Assignment:
Below are the entries. Transcribe exactly the lines from the one with "Satılır 2 otaqlı mənzil 68 m²" through the one with "Hoang Thanh Thuy", ends included, and leave out all others.
---*---
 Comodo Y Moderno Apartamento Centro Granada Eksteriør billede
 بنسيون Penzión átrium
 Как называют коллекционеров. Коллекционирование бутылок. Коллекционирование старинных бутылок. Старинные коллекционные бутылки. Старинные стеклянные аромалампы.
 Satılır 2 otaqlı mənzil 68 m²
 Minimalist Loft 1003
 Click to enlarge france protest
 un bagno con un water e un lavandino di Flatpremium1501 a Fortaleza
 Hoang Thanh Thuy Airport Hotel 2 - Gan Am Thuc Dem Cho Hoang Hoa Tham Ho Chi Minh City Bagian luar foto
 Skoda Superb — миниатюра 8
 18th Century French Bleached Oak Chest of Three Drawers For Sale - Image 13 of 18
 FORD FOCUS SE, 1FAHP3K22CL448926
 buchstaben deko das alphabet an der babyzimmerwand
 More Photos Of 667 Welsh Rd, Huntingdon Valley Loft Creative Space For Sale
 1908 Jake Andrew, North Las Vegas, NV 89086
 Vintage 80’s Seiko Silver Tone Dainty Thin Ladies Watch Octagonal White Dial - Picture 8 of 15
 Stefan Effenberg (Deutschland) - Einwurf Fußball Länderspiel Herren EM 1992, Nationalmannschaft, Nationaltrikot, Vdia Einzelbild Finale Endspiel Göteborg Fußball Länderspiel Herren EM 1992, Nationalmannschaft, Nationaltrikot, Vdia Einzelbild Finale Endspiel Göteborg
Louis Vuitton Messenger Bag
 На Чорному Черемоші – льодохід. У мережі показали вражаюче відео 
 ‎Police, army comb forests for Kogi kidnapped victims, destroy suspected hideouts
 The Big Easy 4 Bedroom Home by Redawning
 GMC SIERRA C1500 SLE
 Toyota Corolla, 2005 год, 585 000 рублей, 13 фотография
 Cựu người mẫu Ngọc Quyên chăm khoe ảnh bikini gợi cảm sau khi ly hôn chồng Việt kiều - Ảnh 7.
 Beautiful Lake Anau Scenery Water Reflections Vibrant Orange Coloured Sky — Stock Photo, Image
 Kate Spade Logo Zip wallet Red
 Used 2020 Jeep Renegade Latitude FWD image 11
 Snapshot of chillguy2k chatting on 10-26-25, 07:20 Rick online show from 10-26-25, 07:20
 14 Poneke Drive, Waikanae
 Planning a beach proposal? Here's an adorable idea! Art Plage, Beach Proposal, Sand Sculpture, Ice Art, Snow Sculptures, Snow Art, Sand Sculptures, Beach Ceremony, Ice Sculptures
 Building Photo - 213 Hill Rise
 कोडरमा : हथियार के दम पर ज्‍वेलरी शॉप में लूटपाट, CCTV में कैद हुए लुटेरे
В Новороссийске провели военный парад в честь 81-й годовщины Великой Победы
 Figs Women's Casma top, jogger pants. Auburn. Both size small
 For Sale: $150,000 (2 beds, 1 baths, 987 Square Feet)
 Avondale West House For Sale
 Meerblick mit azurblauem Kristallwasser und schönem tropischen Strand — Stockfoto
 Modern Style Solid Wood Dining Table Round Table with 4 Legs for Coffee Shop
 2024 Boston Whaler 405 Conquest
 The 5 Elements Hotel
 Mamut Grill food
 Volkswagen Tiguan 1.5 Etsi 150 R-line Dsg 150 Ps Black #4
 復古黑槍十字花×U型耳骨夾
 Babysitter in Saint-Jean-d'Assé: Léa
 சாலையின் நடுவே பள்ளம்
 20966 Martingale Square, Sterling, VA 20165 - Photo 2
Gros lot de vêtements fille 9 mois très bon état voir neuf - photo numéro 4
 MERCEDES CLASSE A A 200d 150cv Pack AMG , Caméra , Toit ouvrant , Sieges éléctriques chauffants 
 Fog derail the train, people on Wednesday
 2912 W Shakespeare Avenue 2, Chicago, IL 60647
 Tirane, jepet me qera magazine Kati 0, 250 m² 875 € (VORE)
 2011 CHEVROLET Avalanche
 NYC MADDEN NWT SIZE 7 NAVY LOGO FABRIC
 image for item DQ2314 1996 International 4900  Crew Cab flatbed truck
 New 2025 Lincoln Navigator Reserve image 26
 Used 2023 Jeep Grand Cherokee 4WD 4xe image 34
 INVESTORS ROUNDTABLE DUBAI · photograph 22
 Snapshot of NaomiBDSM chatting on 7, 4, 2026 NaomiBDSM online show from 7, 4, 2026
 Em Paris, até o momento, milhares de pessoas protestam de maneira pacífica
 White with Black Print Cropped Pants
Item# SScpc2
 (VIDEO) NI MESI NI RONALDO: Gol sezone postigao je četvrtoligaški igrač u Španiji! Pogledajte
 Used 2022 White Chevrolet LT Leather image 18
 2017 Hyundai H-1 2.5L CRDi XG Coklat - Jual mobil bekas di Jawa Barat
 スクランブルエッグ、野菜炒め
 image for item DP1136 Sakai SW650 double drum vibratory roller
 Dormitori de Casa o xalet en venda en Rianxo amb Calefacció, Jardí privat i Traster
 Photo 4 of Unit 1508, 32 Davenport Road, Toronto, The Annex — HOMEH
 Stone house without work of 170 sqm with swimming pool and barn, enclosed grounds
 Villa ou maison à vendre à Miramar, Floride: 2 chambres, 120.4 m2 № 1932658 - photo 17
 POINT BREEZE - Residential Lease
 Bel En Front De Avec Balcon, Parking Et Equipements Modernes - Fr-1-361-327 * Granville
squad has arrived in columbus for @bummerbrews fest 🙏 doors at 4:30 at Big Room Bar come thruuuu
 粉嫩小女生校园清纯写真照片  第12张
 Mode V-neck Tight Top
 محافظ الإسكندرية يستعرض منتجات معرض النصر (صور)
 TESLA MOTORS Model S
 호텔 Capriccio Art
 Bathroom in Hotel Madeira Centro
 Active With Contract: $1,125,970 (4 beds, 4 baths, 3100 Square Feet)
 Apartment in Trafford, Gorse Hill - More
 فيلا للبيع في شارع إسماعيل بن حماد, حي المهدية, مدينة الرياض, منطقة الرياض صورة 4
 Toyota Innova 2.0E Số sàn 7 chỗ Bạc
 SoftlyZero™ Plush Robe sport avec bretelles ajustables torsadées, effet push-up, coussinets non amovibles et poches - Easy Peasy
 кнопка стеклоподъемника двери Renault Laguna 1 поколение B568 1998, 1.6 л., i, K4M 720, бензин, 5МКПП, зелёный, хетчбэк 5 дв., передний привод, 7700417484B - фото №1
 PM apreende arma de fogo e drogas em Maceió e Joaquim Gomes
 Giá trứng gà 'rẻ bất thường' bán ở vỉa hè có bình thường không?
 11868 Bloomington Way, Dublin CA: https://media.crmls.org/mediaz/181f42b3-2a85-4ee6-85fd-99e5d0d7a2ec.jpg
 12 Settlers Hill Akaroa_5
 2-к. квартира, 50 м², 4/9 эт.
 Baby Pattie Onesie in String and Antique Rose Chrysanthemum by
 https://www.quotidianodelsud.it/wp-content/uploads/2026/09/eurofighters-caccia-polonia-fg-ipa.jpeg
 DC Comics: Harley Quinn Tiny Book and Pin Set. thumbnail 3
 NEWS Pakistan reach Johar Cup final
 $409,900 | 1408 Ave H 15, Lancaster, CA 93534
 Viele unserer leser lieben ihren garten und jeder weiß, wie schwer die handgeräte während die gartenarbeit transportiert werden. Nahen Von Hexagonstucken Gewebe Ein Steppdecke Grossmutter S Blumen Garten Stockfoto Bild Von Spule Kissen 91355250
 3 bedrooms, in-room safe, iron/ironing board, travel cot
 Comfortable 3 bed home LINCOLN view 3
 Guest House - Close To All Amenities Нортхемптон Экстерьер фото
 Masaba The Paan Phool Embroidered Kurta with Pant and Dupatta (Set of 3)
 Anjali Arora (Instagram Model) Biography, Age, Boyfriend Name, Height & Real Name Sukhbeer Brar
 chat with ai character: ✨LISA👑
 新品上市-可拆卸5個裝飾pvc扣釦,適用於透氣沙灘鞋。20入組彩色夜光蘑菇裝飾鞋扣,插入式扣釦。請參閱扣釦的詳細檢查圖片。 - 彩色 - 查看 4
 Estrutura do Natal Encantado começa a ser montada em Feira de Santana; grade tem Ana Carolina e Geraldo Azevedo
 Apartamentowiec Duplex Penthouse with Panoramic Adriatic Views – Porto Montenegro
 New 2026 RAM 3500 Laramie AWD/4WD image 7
---*---
Result below:
 Satılır 2 otaqlı mənzil 68 m²
 Minimalist Loft 1003
 Click to enlarge france protest
 un bagno con un water e un lavandino di Flatpremium1501 a Fortaleza
 Hoang Thanh Thuy Airport Hotel 2 - Gan Am Thuc Dem Cho Hoang Hoa Tham Ho Chi Minh City Bagian luar foto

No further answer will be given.